▶ [Entries taken from a collection]:
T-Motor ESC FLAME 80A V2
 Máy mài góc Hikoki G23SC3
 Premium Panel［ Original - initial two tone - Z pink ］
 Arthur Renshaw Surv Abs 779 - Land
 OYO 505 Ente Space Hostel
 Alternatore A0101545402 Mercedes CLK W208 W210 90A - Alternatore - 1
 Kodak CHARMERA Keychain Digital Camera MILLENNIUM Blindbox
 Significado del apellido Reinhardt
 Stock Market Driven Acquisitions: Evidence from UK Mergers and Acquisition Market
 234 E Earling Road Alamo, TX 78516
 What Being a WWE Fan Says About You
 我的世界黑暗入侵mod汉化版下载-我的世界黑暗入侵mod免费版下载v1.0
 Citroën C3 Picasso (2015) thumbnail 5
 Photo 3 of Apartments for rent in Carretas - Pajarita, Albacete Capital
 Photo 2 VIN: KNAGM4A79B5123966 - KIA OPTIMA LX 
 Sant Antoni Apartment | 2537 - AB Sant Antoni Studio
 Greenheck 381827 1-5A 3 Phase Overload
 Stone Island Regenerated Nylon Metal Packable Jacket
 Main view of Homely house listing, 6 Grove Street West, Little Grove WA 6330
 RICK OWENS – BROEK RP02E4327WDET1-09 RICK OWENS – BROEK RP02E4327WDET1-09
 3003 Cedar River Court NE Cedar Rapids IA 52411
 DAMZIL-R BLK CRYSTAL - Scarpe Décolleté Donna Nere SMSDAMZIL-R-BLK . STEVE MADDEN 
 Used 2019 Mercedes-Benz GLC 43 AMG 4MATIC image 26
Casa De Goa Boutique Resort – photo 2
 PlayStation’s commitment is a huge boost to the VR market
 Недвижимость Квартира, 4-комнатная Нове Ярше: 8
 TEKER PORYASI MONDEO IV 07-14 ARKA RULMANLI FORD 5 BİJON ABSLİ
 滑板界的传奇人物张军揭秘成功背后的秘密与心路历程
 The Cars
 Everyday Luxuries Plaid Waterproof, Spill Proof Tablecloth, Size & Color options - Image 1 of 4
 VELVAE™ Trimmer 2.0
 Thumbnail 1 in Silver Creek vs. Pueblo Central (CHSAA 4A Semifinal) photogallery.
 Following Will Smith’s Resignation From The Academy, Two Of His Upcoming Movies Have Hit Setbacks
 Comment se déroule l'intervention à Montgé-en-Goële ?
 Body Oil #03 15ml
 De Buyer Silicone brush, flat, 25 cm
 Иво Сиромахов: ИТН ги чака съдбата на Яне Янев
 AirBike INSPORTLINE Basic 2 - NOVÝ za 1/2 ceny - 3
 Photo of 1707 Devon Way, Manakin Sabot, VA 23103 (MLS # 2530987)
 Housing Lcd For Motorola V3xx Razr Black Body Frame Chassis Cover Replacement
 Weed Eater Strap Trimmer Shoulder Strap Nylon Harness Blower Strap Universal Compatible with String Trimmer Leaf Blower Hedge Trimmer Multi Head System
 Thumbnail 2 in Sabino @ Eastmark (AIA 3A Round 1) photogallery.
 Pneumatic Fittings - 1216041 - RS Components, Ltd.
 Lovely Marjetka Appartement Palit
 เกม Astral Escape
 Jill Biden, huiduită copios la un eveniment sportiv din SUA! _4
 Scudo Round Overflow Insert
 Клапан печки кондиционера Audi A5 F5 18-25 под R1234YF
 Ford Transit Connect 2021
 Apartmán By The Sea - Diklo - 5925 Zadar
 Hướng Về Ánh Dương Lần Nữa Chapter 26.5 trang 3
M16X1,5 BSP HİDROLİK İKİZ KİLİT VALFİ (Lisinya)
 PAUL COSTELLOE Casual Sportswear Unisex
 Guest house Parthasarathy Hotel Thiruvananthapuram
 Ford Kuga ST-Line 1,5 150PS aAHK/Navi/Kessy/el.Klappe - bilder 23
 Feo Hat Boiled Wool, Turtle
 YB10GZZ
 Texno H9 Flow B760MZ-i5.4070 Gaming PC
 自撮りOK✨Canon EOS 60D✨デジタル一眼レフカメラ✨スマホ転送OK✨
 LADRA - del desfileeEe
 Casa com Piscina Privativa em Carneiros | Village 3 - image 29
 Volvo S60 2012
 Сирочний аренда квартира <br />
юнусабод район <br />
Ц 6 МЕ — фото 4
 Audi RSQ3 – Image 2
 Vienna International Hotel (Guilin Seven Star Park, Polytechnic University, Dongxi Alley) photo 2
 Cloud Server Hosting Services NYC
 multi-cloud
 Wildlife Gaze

▶ [Task to carry out]: Copy the records above exactly, from the first line through the line containing "TEKER PORYASI MONDEO", and include nothing else.

▶ [Response area]:
T-Motor ESC FLAME 80A V2
 Máy mài góc Hikoki G23SC3
 Premium Panel［ Original - initial two tone - Z pink ］
 Arthur Renshaw Surv Abs 779 - Land
 OYO 505 Ente Space Hostel
 Alternatore A0101545402 Mercedes CLK W208 W210 90A - Alternatore - 1
 Kodak CHARMERA Keychain Digital Camera MILLENNIUM Blindbox
 Significado del apellido Reinhardt
 Stock Market Driven Acquisitions: Evidence from UK Mergers and Acquisition Market
 234 E Earling Road Alamo, TX 78516
 What Being a WWE Fan Says About You
 我的世界黑暗入侵mod汉化版下载-我的世界黑暗入侵mod免费版下载v1.0
 Citroën C3 Picasso (2015) thumbnail 5
 Photo 3 of Apartments for rent in Carretas - Pajarita, Albacete Capital
 Photo 2 VIN: KNAGM4A79B5123966 - KIA OPTIMA LX 
 Sant Antoni Apartment | 2537 - AB Sant Antoni Studio
 Greenheck 381827 1-5A 3 Phase Overload
 Stone Island Regenerated Nylon Metal Packable Jacket
 Main view of Homely house listing, 6 Grove Street West, Little Grove WA 6330
 RICK OWENS – BROEK RP02E4327WDET1-09 RICK OWENS – BROEK RP02E4327WDET1-09
 3003 Cedar River Court NE Cedar Rapids IA 52411
 DAMZIL-R BLK CRYSTAL - Scarpe Décolleté Donna Nere SMSDAMZIL-R-BLK . STEVE MADDEN 
 Used 2019 Mercedes-Benz GLC 43 AMG 4MATIC image 26
Casa De Goa Boutique Resort – photo 2
 PlayStation’s commitment is a huge boost to the VR market
 Недвижимость Квартира, 4-комнатная Нове Ярше: 8
 TEKER PORYASI MONDEO IV 07-14 ARKA RULMANLI FORD 5 BİJON ABSLİ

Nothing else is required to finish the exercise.